Is the definition of symmetric distribution using cdf correct?

Question

Based on wikipedia (https://en.wikipedia.org/wiki/Symmetric_probability_distribution), a distribution is symmetric about $x_0$ if and only if it is a distribution whose pdf(or pmf) $f(\cdot)$ satisfies $f(x_0+x)=f(x_0-x)$ for any $x\in \mathbb{R}$. Can we also define symmetry about $x_0$ using cdf? That is, we say a distribution is symmetric about $x_0$ if and only if $F(x_0+x)=1-F(x_0-x)$ for any $x\in\mathbb{R}$. It seems that this definition is also okay, right?

Answer 1

You can characterize symmetry in terms of the CDF -- but it's a little tricky.
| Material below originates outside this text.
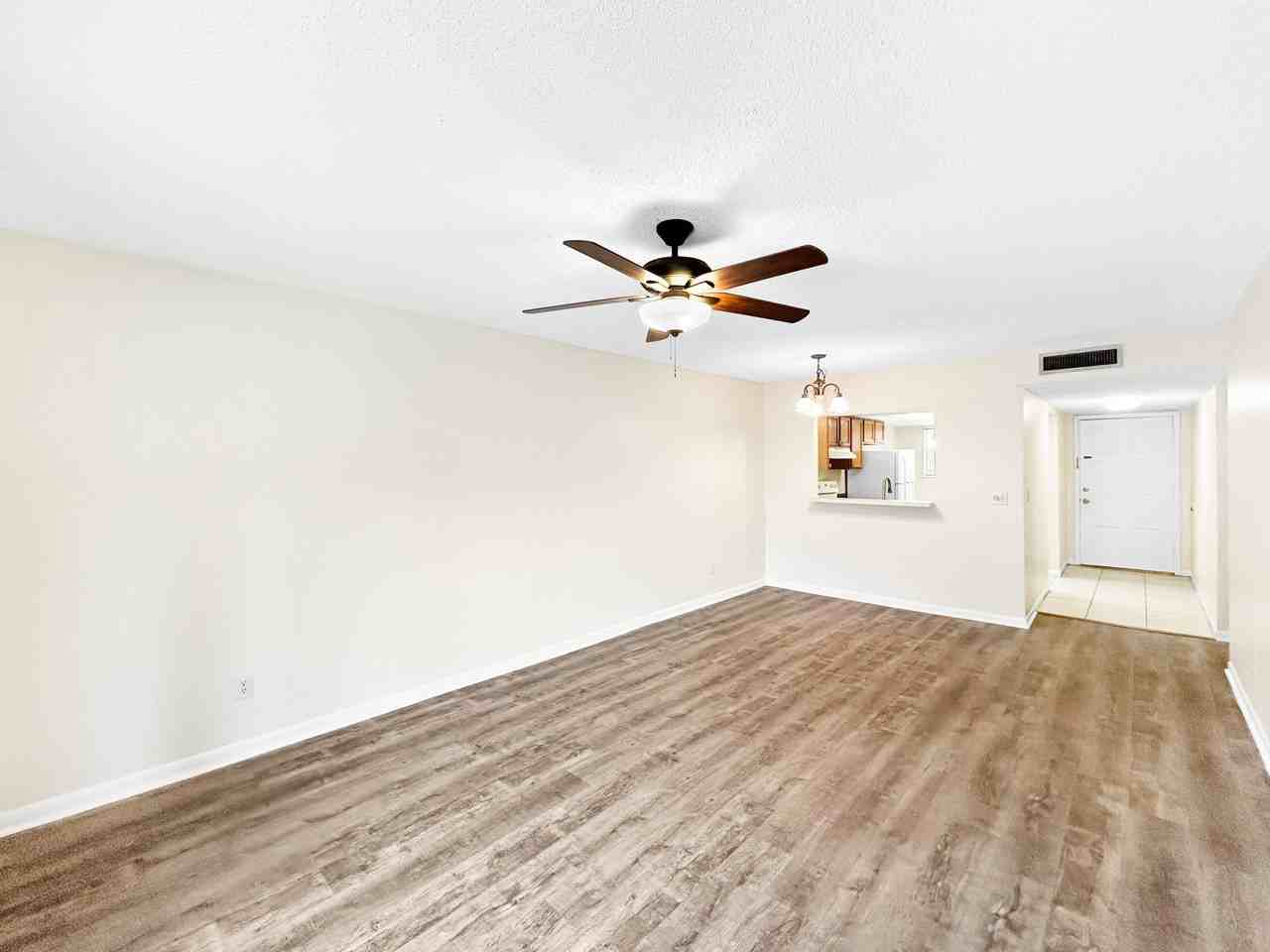 6336 Newtown Cir - Photo 2 of 3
Recall that a random variable $X$ has a symmetric distribution when there exists a number $a$ for which $X$ and $2a-X$ have the same distribution function. Since this is the same thing as saying that $Y=X-a$ and $-Y=a-X$ have the same distribution, we lose no generality by analyzing the variable $Y.$ Let $F$ be its distribution function, which by definition is

$$F(y) = \Pr(Y\le y) = \Pr(X-a\le y) = \Pr(x \le a+y)$$

for all numbers $y.$ The symmetry of $Y$ implies

$$\begin{aligned} F(y) &= \Pr(Y\le y)\\ & = \Pr(-Y\le y) \\ & = \Pr(Y \ge -y) \\ & = \Pr(Y \gt -y) + \Pr(Y=-y)\\ & = (1-\Pr(Y \le -y))+\Pr(Y=-y)\\ & = 1 - F(-y) + \Pr(Y=-y). \end{aligned}$$

That extra term $\Pr(Y=-y)$ is a nuisance unless the distribution is continuous (which means that $\Pr(Y=-y)=0$ for all $y$). Our challenge is to express the probabilities $\Pr(Y=-y)$ in terms of the distribution function $F.$

To accomplish this, equate the set $\{-y\}$ with the intersection of the countable family of intervals $(-y-1/n,-y],$ $n=1,2,3,\ldots,$ and exploit the axioms of probability to deduce

$$\Pr(Y=-y) = \lim_{n\to\infty}\Pr\left(-y-\frac{1}{n} \lt Y \le -y\right) = F(-y) -\lim_{\epsilon\downarrow 0} F(-y-\epsilon).$$

Substituting this into the foregoing equation for $F(y)$ leads to the general characterization

$F$ is symmetric around $0$ if and only if $$F(y) = 1 - \lim_{\epsilon\downarrow 0}F(-y-\epsilon).$$

As an example, consider this graph of $F$ when $X$ has a Bernoulli$(1/2)$ distribution. Here, the center of symmetry is $a=1/2,$ so $Y = X-1/2$ takes on the values $\pm 1/2$ each with probability $1/2.$

The definition of $F$ causes its values at each jump to be the upper limit, whereas changing $F$ to $1-F(-y)$ rotates its graph around its center at $(0,1/2),$ thereby switching the "up" and "down" directions and causing the graph to attain the lower values at each jump. We fix that in the definition of $\tilde F$ by sneaking up to the jumps from the left side, as shown in the right hand panel.

We may summarize this English characterization, and re-introduce the center of symmetry $a$ for full generality, by stating

A distribution function $F$ is symmetric around a number $a$ if and only if it coincides with the function obtained from $F$ whose graph (a) uses the lower values at each jump and (b) is rotated around the central point $(a,1/2)$ by 180 degrees.